Ketika Nurcholish Madjid alias Cak Nur melontarkan gagasannya tentang sekulerisasi, di antaranya ungkapan “Islam yes, partai Islam no”, Rasjidi tampil memberikan bantahan dengan menulis buku bertajuk Koreksi terhadap Drs. Nurcholish Madjid tentang Sekulerisasi. Dalam pandangan Rasjidi, sekulerisasi identik dengan adopsi sekulerisasi yang punya pengertian pemisahan antara urusan keagaan dengan keduniaan. Sekulerisme bertentangan dengan Islam, juga dengan agama-agama lain. Ia lalu mengacu pada sejarah Eropa.
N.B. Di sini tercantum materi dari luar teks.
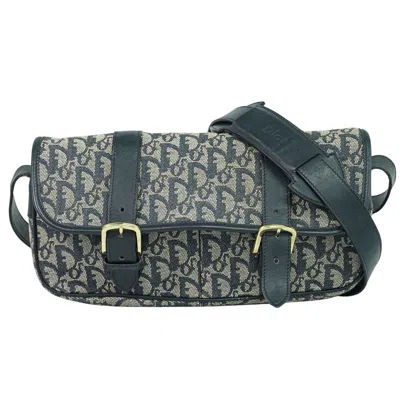 Pre-owned Dior Christian  Trotter Shoulder Bag Canvas Gray Canvas Shoulder Bag Bag ()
Menurut Rasjidi, sekulerisme mulai mendapatkan momentumnya pada masa pertengahan, ketika ranah keduniaan dalam kehidupan mulai dipisahkan dari agama, persisnya Katolik.
Adapun semangat pembaruan yang dilontarkan Cak Nur, menurt Rasjidi, merupakan ancaman bagi umat Islam. Nurcholish, dalam pandangan Rasjidi, telah kebingungan dalam beberapa isu keagamaan, karena ia belum “cukup dewasa” dan karena itu, tidak qualified untuk menyinggung masalah-masalah serius tentang agama. Teori-teorinya dangkal, dan tidak ada seorang pun yang akan menerimanya.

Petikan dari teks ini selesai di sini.